*HOW TO COMPLETE THIS TASK*
Set down, exactly as written, the line containing "Gorzejowa - Jaworze" and all the lines that follow it to the end of the entries below, omitting every picture.

*SUPPLIED RECORDS*
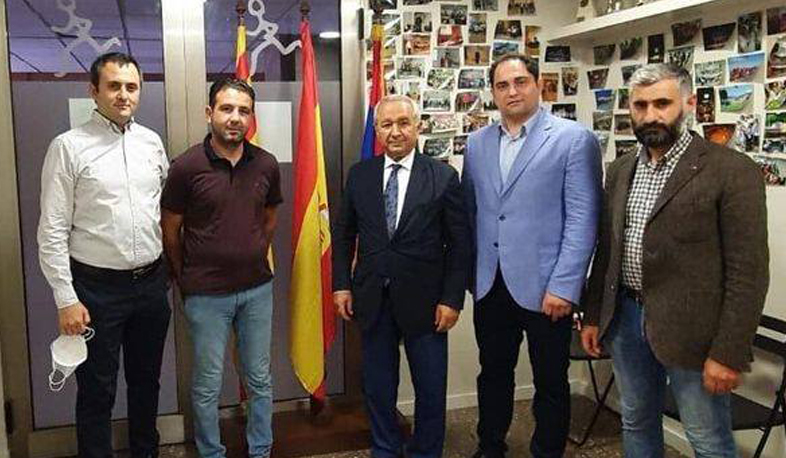 Իսպանիայում ՀՀ դեսպանը Բարսելոնայում այցելել է Հայ Տուն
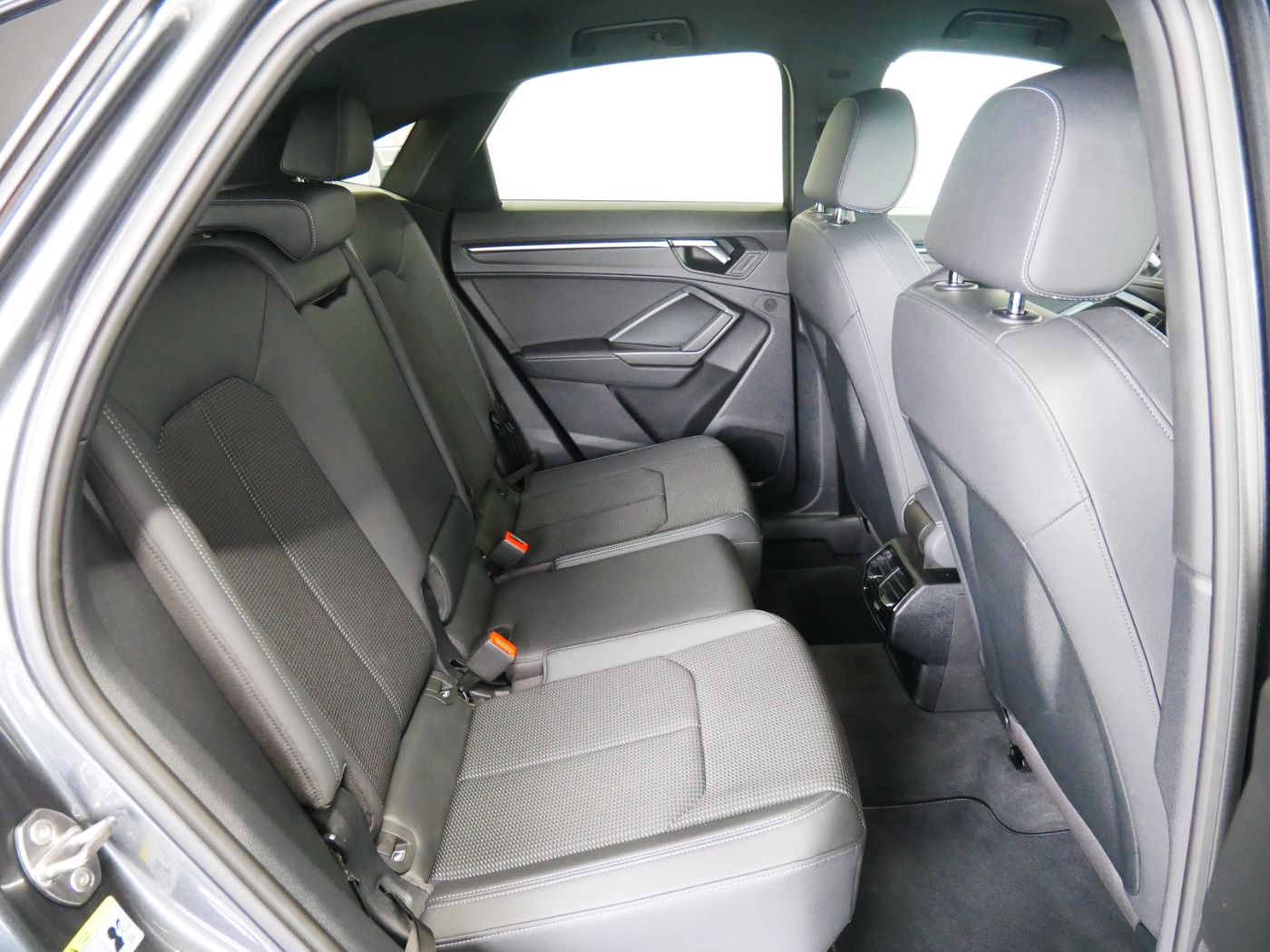 Audi Q3 Sportback 40 TDI quattro S line - Samsaru's Car Outlet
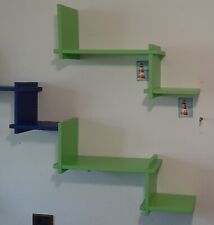 libreria modulare a n. 8 piani blu e n. 8 piani verdi n. 4 arancione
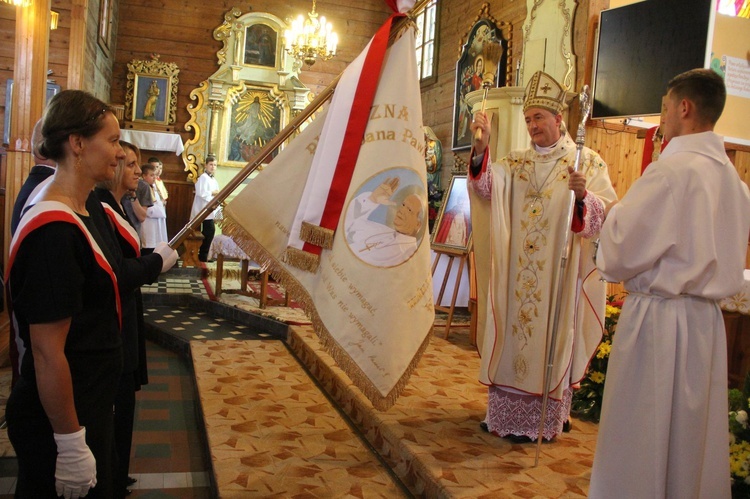 Gorzejowa - Jaworze Górne: Nadanie szkole imienia św. Jana Pawła II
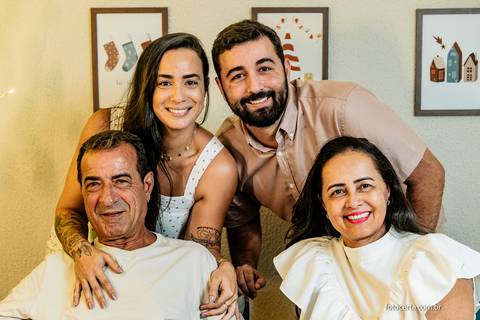 Fotógrafo em Vitória, Vila Velha, Casamento, Ensaio Pré-Casamento, Ensaio Pós-Casamento, Ensaio de Casal, 15 Anos, Debutante, Família, Gestante, Maternidade, Aniversário, Social, Estúdio, Corporativo, Marca Pessoal, Formatura, Escolar '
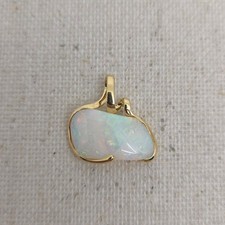 18k Gold Australian Opal Pendant: Free Form Coober Pedy Opal, 18.1mm x 18.4mm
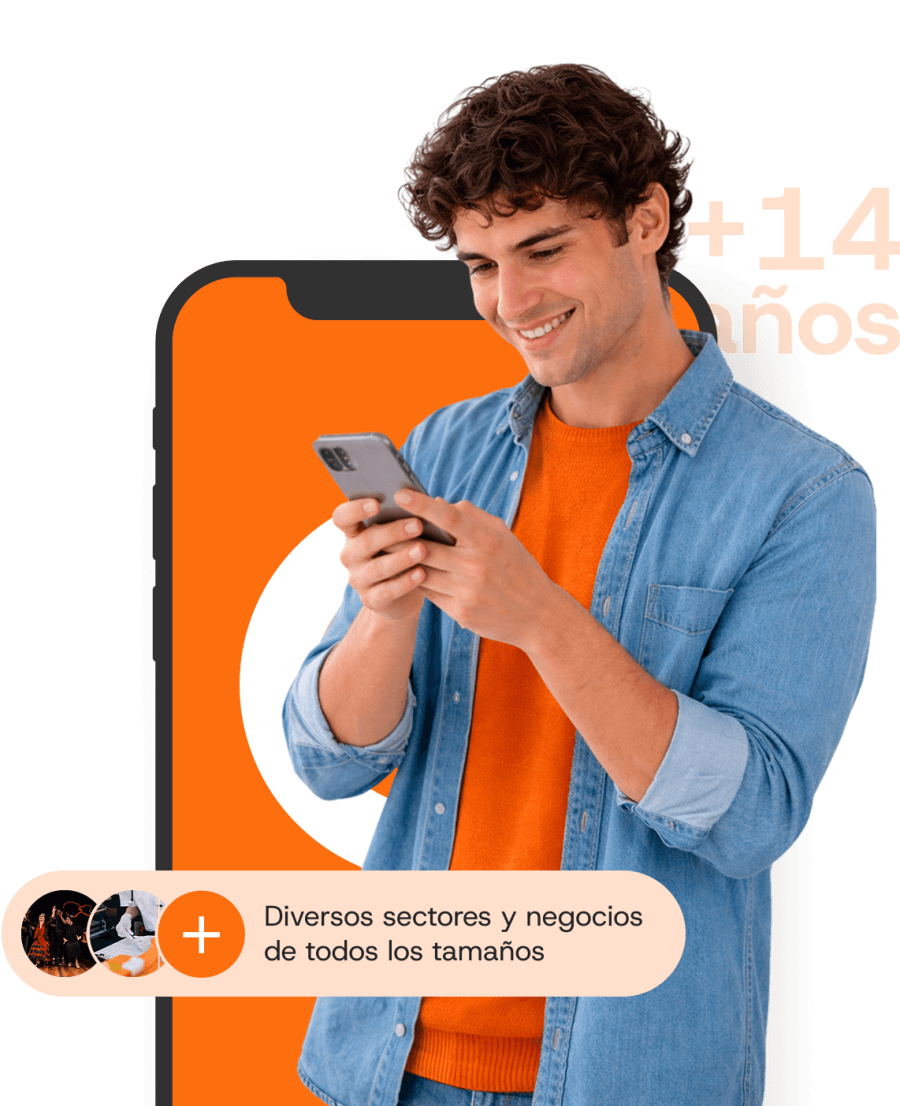 Chico con móvil gestionando campañas con su Agencia de publicidad digital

*ANSWER SECTION*
 Gorzejowa - Jaworze Górne: Nadanie szkole imienia św. Jana Pawła II
 Fotógrafo em Vitória, Vila Velha, Casamento, Ensaio Pré-Casamento, Ensaio Pós-Casamento, Ensaio de Casal, 15 Anos, Debutante, Família, Gestante, Maternidade, Aniversário, Social, Estúdio, Corporativo, Marca Pessoal, Formatura, Escolar '
 18k Gold Australian Opal Pendant: Free Form Coober Pedy Opal, 18.1mm x 18.4mm
 Chico con móvil gestionando campañas con su Agencia de publicidad digital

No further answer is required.